There are a couple of ways to break that retirement piggy bank — take a loan or take an early withdrawal.
A straight withdrawal is plain stupid. You will lose 30 percent or more of the money to federal and state income taxes. There is also a 10 percent federal penalty.
Tax law does allow first-time home buyers to draw up to $10,000 from a traditional IRA account without a 10 percent penalty — if the money used for a home purchase within 120 days.
Depending on your company’s plan, you may borrow up to half of your 401-K balance, up to a maximum of $50,000. You must pay the account back — with interest. Repayment is typically over five years. Some companies may allow the loan to be repaid over 15 years.

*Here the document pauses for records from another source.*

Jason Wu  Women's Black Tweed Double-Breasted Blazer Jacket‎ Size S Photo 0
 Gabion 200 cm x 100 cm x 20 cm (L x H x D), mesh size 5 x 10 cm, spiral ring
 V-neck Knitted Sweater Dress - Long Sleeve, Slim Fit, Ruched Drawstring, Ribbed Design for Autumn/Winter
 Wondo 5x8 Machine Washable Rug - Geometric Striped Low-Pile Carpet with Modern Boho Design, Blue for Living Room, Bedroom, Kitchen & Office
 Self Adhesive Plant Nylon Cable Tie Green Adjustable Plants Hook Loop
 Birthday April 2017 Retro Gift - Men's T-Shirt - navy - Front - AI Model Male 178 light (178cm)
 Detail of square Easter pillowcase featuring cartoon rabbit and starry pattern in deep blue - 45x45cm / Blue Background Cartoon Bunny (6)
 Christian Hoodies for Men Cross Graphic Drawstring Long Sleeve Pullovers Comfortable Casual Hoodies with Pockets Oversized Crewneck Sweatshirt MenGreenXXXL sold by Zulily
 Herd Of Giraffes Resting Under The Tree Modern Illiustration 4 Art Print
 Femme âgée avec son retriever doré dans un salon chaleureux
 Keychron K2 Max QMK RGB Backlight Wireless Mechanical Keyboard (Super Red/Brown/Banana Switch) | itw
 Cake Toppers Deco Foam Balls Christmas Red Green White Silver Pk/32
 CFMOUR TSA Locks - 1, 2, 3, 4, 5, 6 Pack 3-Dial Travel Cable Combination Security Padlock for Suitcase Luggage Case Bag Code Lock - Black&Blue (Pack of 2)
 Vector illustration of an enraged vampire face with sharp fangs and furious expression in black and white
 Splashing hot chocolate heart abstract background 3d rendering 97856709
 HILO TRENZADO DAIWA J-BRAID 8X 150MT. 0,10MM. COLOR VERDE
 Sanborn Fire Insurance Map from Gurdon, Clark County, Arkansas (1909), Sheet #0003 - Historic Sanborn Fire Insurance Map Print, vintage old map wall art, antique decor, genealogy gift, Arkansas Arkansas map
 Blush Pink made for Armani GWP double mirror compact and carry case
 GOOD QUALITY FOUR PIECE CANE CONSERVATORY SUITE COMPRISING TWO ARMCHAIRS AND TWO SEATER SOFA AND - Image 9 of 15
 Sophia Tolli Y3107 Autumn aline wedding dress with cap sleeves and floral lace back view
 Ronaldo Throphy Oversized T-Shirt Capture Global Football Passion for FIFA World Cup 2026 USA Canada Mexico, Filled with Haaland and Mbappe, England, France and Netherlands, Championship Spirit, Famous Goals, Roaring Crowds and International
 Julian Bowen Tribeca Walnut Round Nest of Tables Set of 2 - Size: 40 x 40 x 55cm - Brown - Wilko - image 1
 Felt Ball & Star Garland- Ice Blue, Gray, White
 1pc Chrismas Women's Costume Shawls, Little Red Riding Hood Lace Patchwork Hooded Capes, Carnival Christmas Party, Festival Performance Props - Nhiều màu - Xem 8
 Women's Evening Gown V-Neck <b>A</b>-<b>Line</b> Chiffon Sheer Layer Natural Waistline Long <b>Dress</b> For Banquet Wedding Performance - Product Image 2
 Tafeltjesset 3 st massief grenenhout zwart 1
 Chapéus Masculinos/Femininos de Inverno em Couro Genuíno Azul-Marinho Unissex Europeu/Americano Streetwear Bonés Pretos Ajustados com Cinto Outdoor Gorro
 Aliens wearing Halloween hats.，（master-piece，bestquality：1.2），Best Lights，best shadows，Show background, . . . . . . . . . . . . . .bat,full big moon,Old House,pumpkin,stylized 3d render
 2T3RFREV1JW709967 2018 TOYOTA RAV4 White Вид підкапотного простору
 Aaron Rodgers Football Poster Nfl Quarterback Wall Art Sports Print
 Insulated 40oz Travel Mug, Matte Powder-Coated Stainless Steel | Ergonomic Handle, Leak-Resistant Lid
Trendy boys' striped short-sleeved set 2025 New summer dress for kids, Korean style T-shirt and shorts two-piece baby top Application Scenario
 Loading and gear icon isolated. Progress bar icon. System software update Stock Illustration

“Generally, it is not a good idea to withdraw or borrow money from your 401-K,” says Sean Ciemiewicz, principal of Retirement Benefits Group in San Diego. “You should try to keep the money in the plan as long as possible for growth and your future.”
There are substantial costs to borrowing from your retirement account — in addition to the monthly payments. Retirement savings are lost when you borrow from a retirement plan because:
- You lose potential growth on the earnings, or compounding of those earnings.
- You repay the loan with after-tax dollars.
- There may be an initial set-up and quarterly loan fee.
- Many people decrease 401-K contributions to compensate for the loan payment.
- You may not be paying yourself back at 5 percent when market returns are 10 percent.
The Principal Financial Group has crunched the numbers and figured that borrowing $5,000 from your 401-K at age 35 reduces the value of your retirement account at 65 by more than $52,000.
“There tend to be more cons than pros,” says Ciemiewicz.
There may a few circumstances in which tapping your 401-K makes sense, says James Poe, founder of Texas Retirement Specialists.
“If you have a chance to buy a home that recently went through foreclosure, and you don't otherwise have access to the cash to buy the home, this is probably a great idea,” says Poe, who has a Master's Degree in Financial Services.
“If the home is in good condition, if you can make the installment payments to repay the 401-K loan and the new mortgage, and this will allow you to get a great deal on your first home, I would jump on it. There aren't many reasons that I would support for taking a 401-K loan, but this one passes muster.”
But you also need to ask yourself — if I have to raid my retirement plan, do I really need to buy a house?